Die Instandsetzungsarbeiten im Keller- und Terrassenbereich der Kindertagesstätte  Glaucha haben begonnen und stehen mittlerweile kurz vor dem Abschluss. Im Zscheppliner Schlosspark sind die Parkbrücke und der Parkteich, für die alle Genehmigungen (Denkmalschutz, Naturschutz, Wasserrecht) vorliegen, die Schwerpunkte.
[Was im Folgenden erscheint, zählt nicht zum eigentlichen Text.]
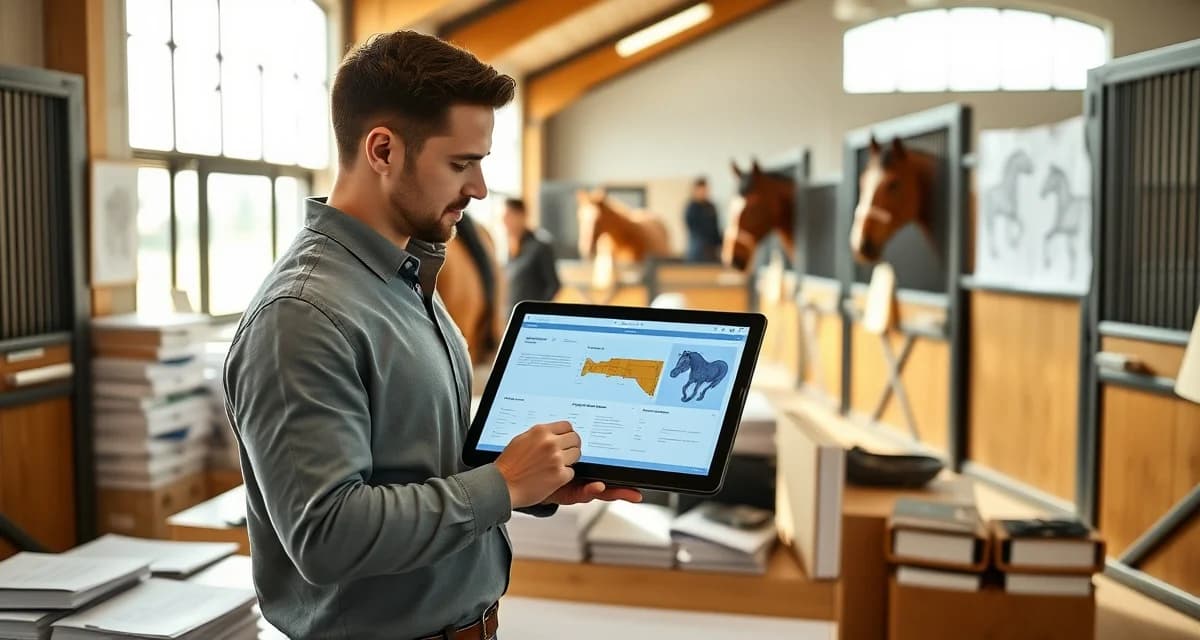 Barn management software interface for Aiken SC horse facilities showing scheduling and facility operations dashboard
Der Auftrag für die Brücke geht mit der Zustimmung des Gemeinderates jetzt für eine Angebotssumme in Höhe von knapp 156 000 Euro an eine Firma aus der Nähe von Emden.

Klärungsbedarf gibt es auch noch bei den Unterlagen für die Instandsetzung der Sportanlage Glaucha. Bis zum Jahresende wird es für die Fördermodalitäten inzwischen eng. Das Büro Knoblich steht dazu, dabei zu helfen.

Unverändert ist auch der Stand beim  Ersatzneubau des Feuerwehrgerätehauses Glaucha. Der Bearbeiter bei der Unfallkasse sei kommende Woche aus der Kur zurück, hieß es. Dann könne es wohl Anfang Oktober mit der Entwurfsplanung weitergehen. Mit der Antwort können Bau- und Fördermittelantrag bei der Sächsischen Aufbaubank eingereicht werden. Für den Bau selbst ist zwar bis Ende 2017 Zeit und noch Luft. Aber so lange müsse es für dieses Projekt nicht dauern, war man sich in der Ratssitzung einig.